Start of Exercise material

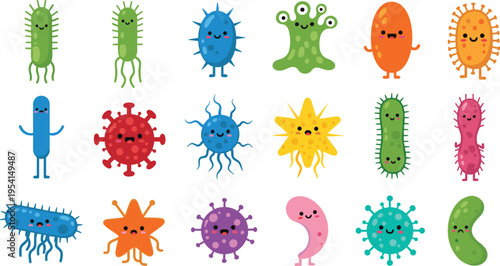Professional Cute Kawaii Microbe Vector Character Set Featuring Colorful Bacteria Viruses and Germs for Educational Pediatric Health and Science Branding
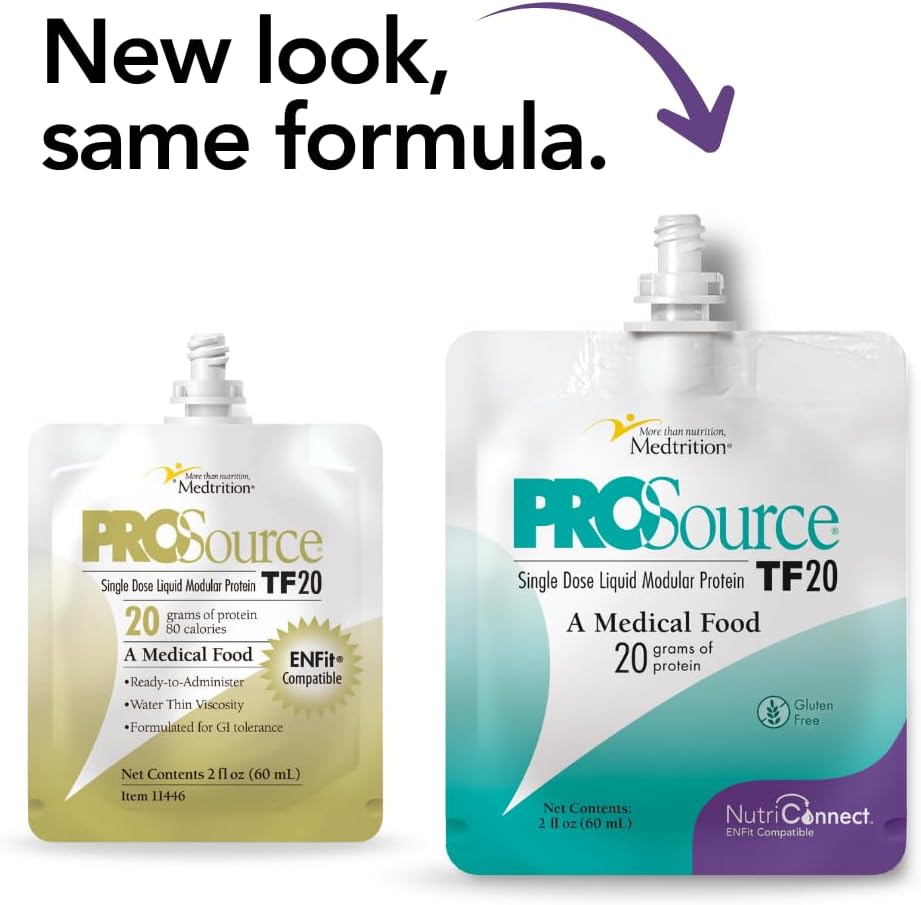 Medition NutriConnect ™ ProSource ® TF20 - ENFit ® Kompatibel Modular Protein supplement til tube fodring - 20g flydende protein i 60mL Pouch - understøtter Aspen Guidelines & ICU Nutrition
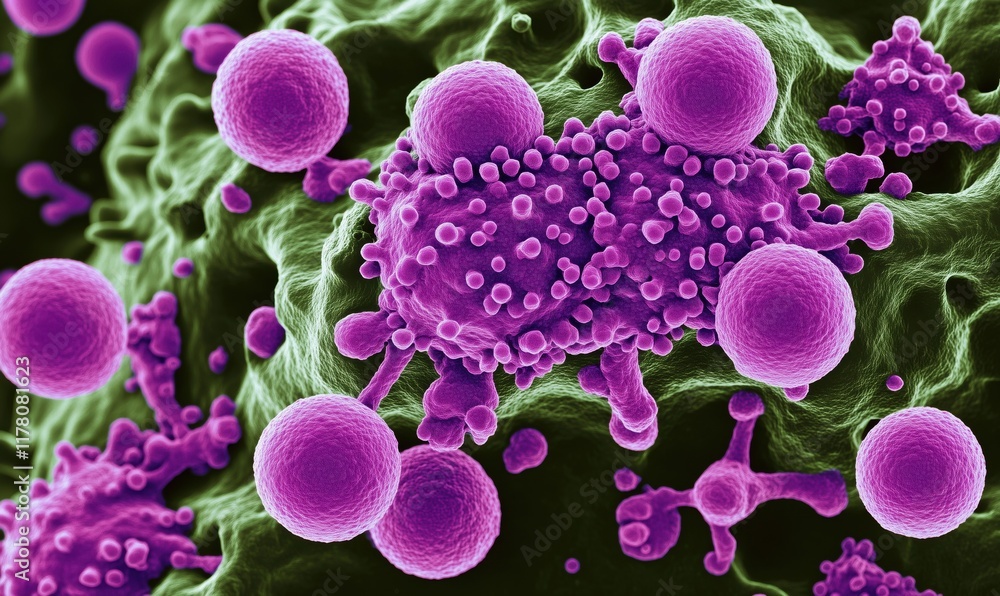 Aufkleber microscopic view of cancer cells and surrounding environment showcasing cellular structures and inte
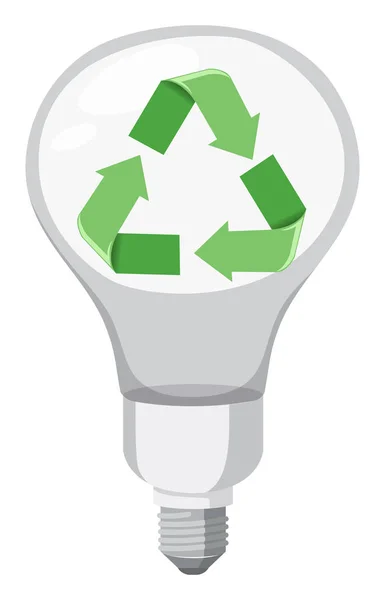 Símbolo Reciclaje Verde Llevó Ilustración Luz — Archivo Imágenes Vectoriales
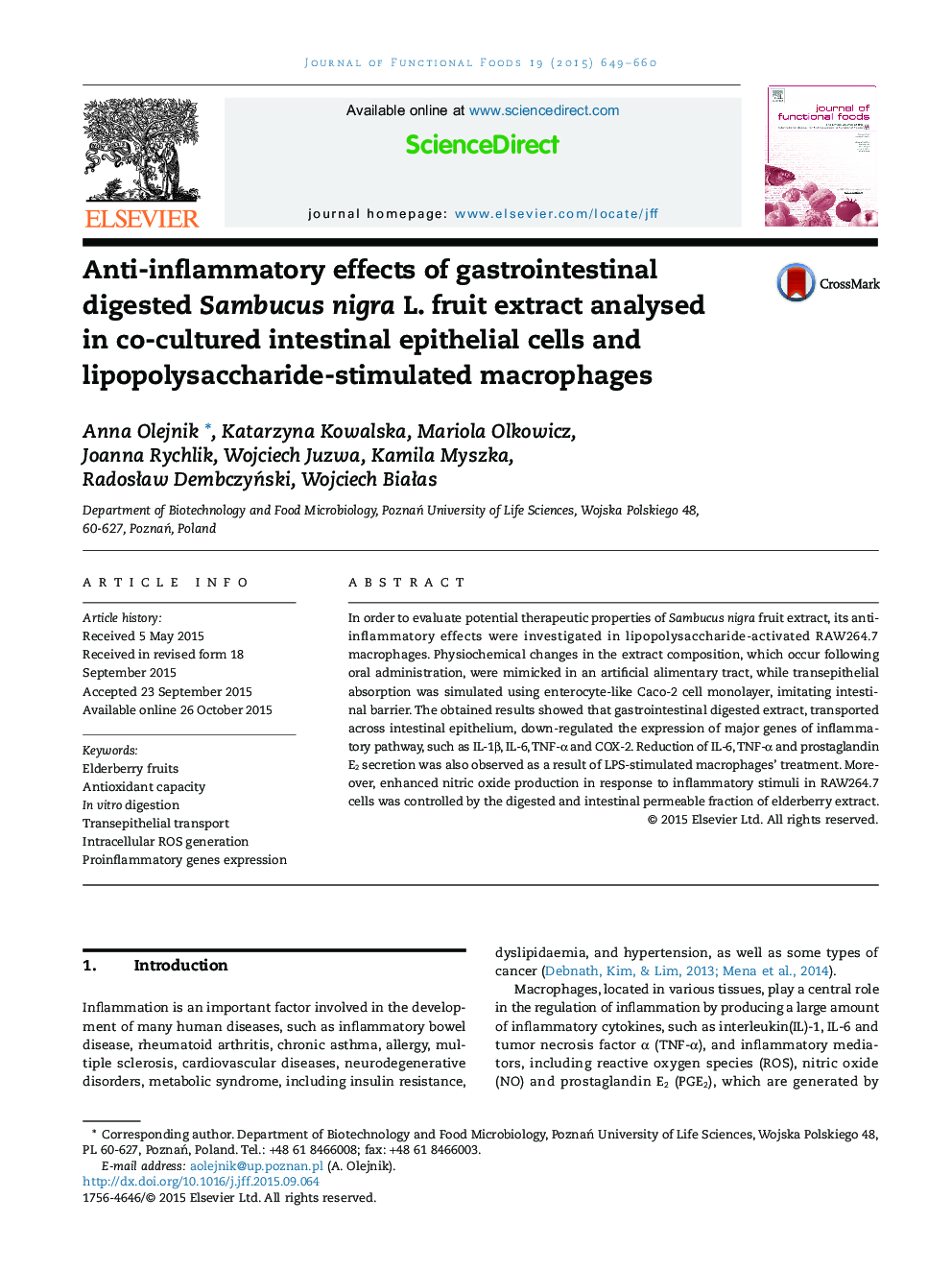 Anti-inflammatory effects of gastrointestinal digested Sambucus nigra L. fruit extract analysed in co-cultured intestinal epithelial cells and lipopolysaccharide-stimulated macrophages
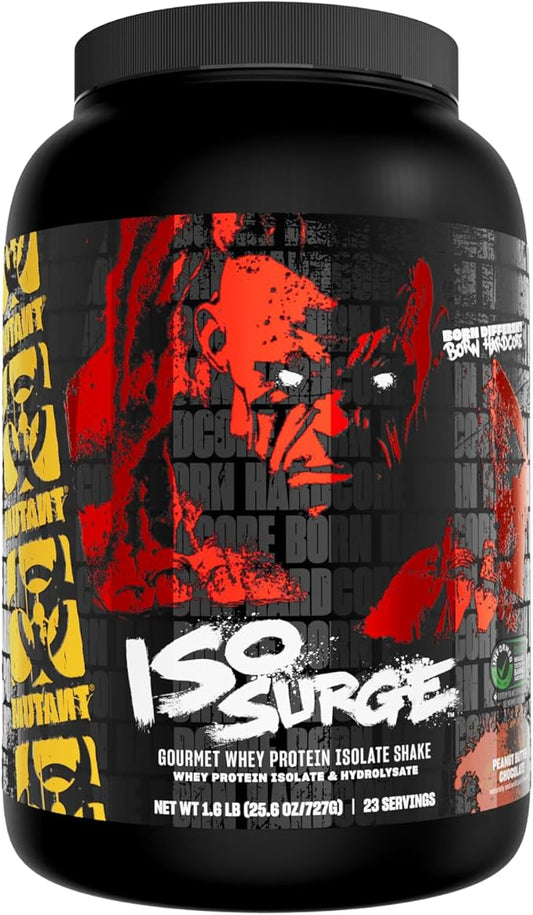 Mutant ISO Surge Whey Protein Isolate Powder Acts Fast to Help Recover, Build Muscle, Bulk and Strength, 1.6 lb (Peanut Butter Chocolate)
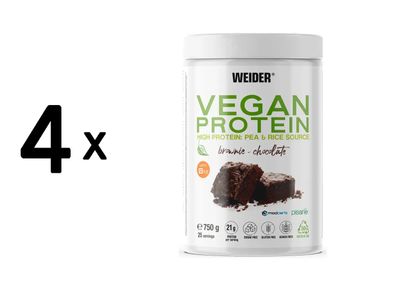 4 x Weider Vegan Protein (750g) Brownie - Chocolate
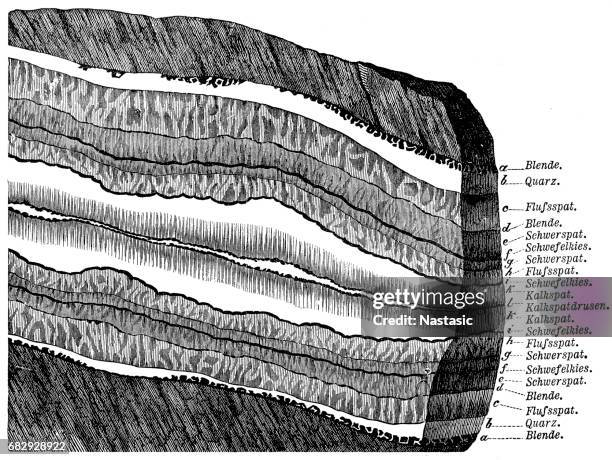 ilustraciones, imágenes clip art, dibujos animados e iconos de stock de sección de un terreno - geología
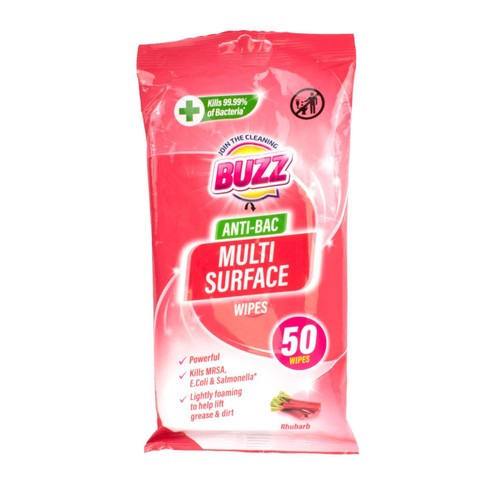 Buzz Anti-Bacterial Wipes Rhubarb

End of Exercise material

## What is expected
Give again the stretch of lines above from the one with "Aufkleber microscopic view" through the one with "Símbolo Reciclaje Verde", both ends kept, and copy no pictures.

## Answer to the exercise
 Aufkleber microscopic view of cancer cells and surrounding environment showcasing cellular structures and inte
 Símbolo Reciclaje Verde Llevó Ilustración Luz — Archivo Imágenes Vectoriales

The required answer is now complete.